È il modello post-industriale, dove chi lavora nel terziario avanzato e in particolar modo nella finanza è considerato vincente, a crollare di fronte alla Nemesi. Un modello dove il reale è razionale e ciò che si oppone al reale è liquidato come sciocco, immaturo o inutile; dove la macchina deve funzionare a qualunque costo e i problemi, invece di essere risolti, sono amministrati affinché le conseguenze ricadano su altri. Così la commercializzazione del placebo «Phalanx» un farmaco diffuso all'inizio dell'epidemia, quando ancora la verità è nascosta dietro la più comoda menzogna della «rabbia africana», contribuisce alla diffusione degli zombi. Quando l'economia, assistita dalla politica, diventa una forma di predazione, il predatore più forte vince; e «Zom» è molto più forte del neoliberismo. Nemmeno la catastrofe sembra in grado di cambiare certe ottusità, come rivela un ex membro dello staff della Casa Bianca:
Sapevamo che il Phalanx era un placebo, e ne eravamo felici. Calmava la gente e ci permetteva di fare il nostro lavoro. [...] Che c'è, avrebbe preferito che dicessimo la verità alla gente?
Così non avete mai provato a risolvere davvero il problema.
Oh, avanti, si può mai risolvere la povertà? Si può mai risolvere il crimine? Si possono mai risolvere le malattie, la disoccupazione, la guerra o qualsiasi altro herpes sociale? Diamine, no. Si può solo sperare di renderli abbastanza gestibili da permettere alla gente di andare avanti con la propria vita. Non è cinismo, è maturità. Non si può fermare la pioggia. Si può solo costruire un tetto che non goccioli, o per lo meno che non goccioli sulla gente che voterà per te.

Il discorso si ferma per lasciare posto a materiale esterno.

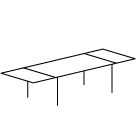 Tables extensibles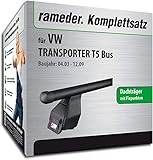 Rameder - Europas größter Spezialgroßhandel für Anhängerkupplungen und andere Transportlösungen. Wir legen Wert auf Service vor und nach dem Kauf, Qualität und Passgenauigkeit am Fahrzeug sowie eine schnelle Lieferung zu Ihnen.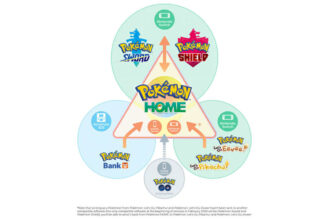 01gthj7whfh7xz9awat1-jpg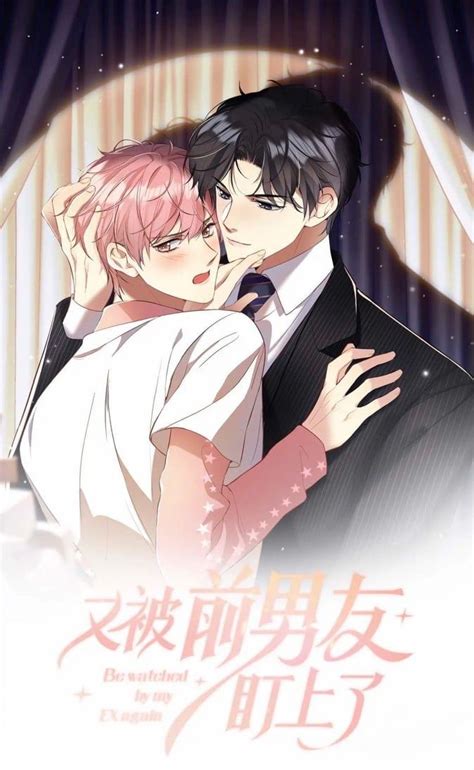 Đọc Truyện Tranh Đam Mỹ, BL Manhwa, Boy Love Mới & Hay .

L'uomo, in World War Z, è ricondotto a un problema fondamentale: quale scopo dare alla propria vita. Sopravvivere non è un motivo sufficiente. Di fronte alla minaccia, molti scelgono il suicidio, oppure diventano «quisling» (umani convinti di essere zombi e che si comportano in tutto e per tutto come loro), o infine cadono preda della «sindrome da disperazione apocalittica». Ma quando il problema è lo scopo, allora l'arte, con la sua capacità di ispirare, diventa fondamentale per trovare una risposta. La Sda è contrastata proprio grazie ai film del regista Roy Elliot, che infondono negli animi un particolare «tipo di bugia» chiamata «speranza». E altri personaggi citano opere letterarie scritte durante la guerra. Insomma: in caso di catastrofe c'è più bisogno di artisti che di manager e avvocati.
L'importanza di emozioni ed empatia esula da una visione ingenua: è invece ricondotto alla consapevolezza che in tempi di guerra si è chiamati a compiere scelte terribili, come ad esempio sacrificare vite umane come esca per gli zombi, salvando così un'intera città. Come dice uno dei personaggi «devi fare le tue scelte e convivere ogni giorno con lo strazio delle conseguenze di quelle scelte». Sentire il dolore altrui è l'unica strada per opporre un «noi» al mostro; altrimenti si è solo persone che obbediscono agli ordini. E in World War Z l'esecutore perfetto, instancabile e perennemente focalizzato sull'obiettivo, è per l'appunto lo zombi.